A autenticidade dos novos carismas é garantia da sua disponibilidade a submeter-se ao discernimento da autoridade eclesiástica. Já numerosos movimentos eclesiais e novas comunidades foram reconhecidos pela Santa Sé, e portanto devem ser sem dúvida considerados um dom de Deus a toda a Igreja. Outros, ainda em fase nascente, exigem a prática de um acompanhamento ainda mais delicado e vigilante da parte dos Pastores das Igrejas particulares. Quem está chamado a um serviço de discernimento e de guia não pretenda ditar leis sobre os carismas, mas antes se preserve do perigo de os sufocar (cf. 1 Ts 5, 19-21), resistindo à tentação de uniformizar o que o Espírito Santo quis multiforme para concorrer para a edificação e para a dilatação do único Corpo de Cristo, que o próprio Espírito torna firme na unidade. Consagrado e assistido pelo Espírito de Deus, em Cristo, Cabeça da Igreja, o Bispo deverá examinar os carismas e prová-los, para reconhecer e valorizar o que é bom, verdadeiro e belo, o que contribui para o incremento da santidade dos indivíduos e das comunidades. Quando forem necessárias intervenções de correcção, sejam também elas expressão de "muito amor". Os movimentos e as novas comunidades mostram-se orgulhosos da sua liberdade associativa, da fidelidade ao seu carisma, mas demonstram também que sabem muito bem que fidelidade e liberdade são garantidas, e certamente não limitadas, pela comunhão eclesial, da qual os Bispos, unidos ao Sucessor de Pedro, são ministros, guardas e guias.
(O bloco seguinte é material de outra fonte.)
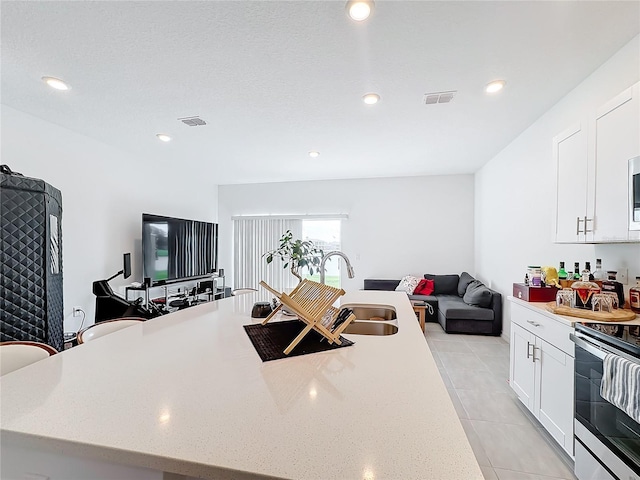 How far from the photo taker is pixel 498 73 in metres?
2.32

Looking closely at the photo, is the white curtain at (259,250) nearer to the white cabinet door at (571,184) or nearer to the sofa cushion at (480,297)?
the sofa cushion at (480,297)

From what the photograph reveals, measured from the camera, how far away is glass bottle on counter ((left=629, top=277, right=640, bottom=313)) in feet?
5.97

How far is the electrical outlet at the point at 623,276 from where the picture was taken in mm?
2026

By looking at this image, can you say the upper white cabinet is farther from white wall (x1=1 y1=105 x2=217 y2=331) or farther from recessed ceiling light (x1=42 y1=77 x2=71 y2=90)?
white wall (x1=1 y1=105 x2=217 y2=331)

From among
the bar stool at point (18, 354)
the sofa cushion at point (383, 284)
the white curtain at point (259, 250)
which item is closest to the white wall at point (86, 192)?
the white curtain at point (259, 250)

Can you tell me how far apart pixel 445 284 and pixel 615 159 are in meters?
4.09

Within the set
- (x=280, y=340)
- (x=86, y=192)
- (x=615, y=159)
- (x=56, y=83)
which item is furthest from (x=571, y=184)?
(x=86, y=192)

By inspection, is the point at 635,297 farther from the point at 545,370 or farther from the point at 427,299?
the point at 427,299

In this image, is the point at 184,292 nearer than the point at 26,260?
No

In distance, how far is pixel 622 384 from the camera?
1304mm

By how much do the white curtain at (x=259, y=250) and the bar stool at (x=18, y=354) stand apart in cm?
516

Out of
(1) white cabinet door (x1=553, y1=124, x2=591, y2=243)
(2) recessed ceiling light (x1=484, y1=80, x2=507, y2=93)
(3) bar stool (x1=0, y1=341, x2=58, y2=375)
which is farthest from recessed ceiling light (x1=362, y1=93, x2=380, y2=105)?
(3) bar stool (x1=0, y1=341, x2=58, y2=375)

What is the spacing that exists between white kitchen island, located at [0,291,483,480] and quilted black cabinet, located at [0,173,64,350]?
4.54 ft

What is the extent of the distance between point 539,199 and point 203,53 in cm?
343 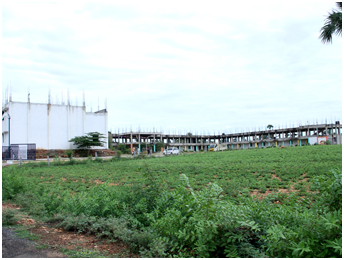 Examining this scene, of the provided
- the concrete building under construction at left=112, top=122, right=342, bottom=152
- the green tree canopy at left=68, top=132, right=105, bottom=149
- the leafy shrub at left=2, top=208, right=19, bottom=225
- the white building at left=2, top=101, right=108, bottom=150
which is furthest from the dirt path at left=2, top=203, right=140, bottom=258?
the concrete building under construction at left=112, top=122, right=342, bottom=152

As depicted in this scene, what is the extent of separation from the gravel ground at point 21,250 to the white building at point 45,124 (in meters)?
43.3

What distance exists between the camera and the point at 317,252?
12.0ft

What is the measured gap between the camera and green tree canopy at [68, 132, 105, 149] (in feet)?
152

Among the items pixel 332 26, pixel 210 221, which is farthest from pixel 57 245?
pixel 332 26

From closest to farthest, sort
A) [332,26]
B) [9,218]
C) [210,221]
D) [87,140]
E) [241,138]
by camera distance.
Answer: [210,221]
[9,218]
[332,26]
[87,140]
[241,138]

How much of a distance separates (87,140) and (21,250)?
42998 millimetres

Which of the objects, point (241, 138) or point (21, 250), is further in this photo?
point (241, 138)

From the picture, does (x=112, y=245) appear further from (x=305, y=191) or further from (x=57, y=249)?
(x=305, y=191)

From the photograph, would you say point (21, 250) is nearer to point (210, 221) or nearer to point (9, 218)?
point (9, 218)

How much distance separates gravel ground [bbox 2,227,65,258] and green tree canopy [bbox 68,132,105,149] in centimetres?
4218

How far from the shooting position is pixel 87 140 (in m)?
46.4

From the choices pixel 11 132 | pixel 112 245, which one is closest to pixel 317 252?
pixel 112 245

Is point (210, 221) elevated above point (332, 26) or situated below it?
below

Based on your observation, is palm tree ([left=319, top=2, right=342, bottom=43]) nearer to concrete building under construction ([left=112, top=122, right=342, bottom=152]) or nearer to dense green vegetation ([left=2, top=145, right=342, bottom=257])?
dense green vegetation ([left=2, top=145, right=342, bottom=257]) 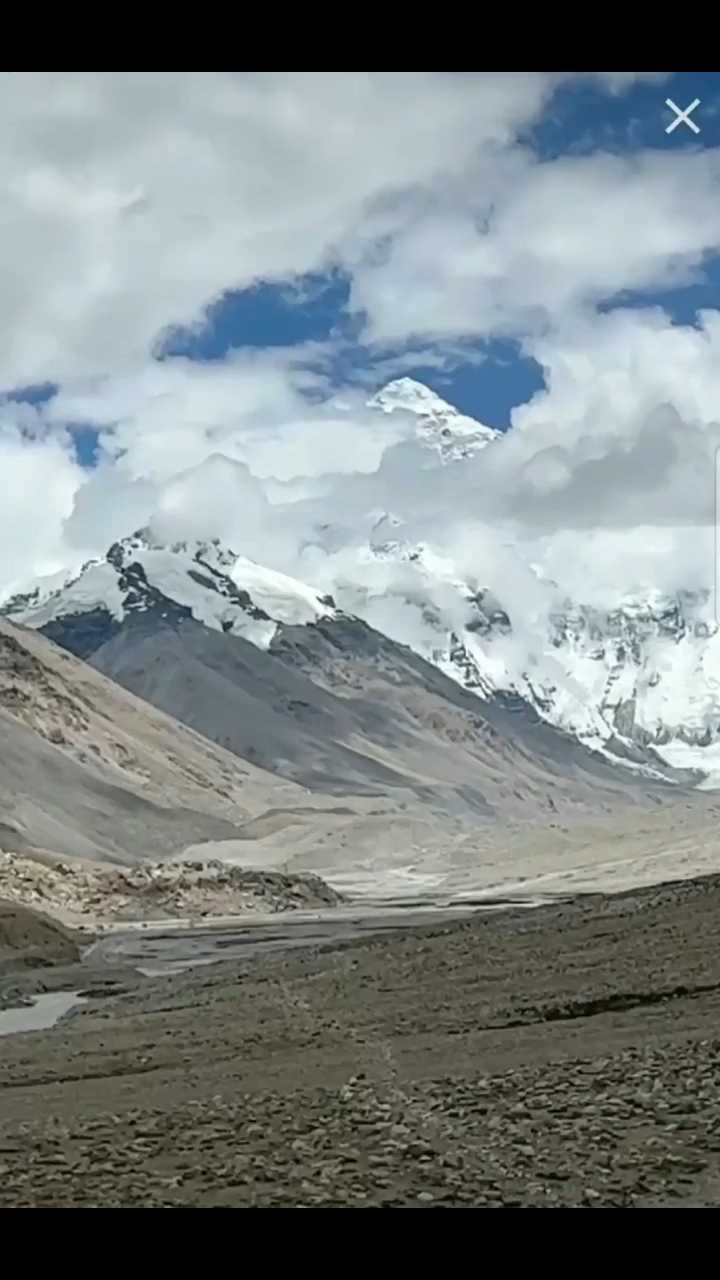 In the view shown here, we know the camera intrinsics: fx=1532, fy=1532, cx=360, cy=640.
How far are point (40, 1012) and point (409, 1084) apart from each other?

Amados Irmãos no Episcopado, no final deste encontro exorto-vos a reavivar em vós o dom que recebestes com a vossa consagração (cf. 2 Tm 1, 6). O Espírito de Deus nos ajude a reconhecer e guardar as maravilhas que Ele próprio suscita na Igreja em benefício de todos os homens. Confio a Maria Santíssima, Rainha dos Apóstolos, cada uma das vossas Dioceses e concedo-vos de todo o coração uma afectuosa Bênção Apostólica, que faço extensiva aos sacerdotes, aos religiosos, às religiosas, aos seminaristas, aos catequistas e a todos os fiéis leigos, em particular, hoje, aos membros dos movimentos eclesiais e das novas comunidades presentes nas Igrejas confiadas aos vossos cuidados.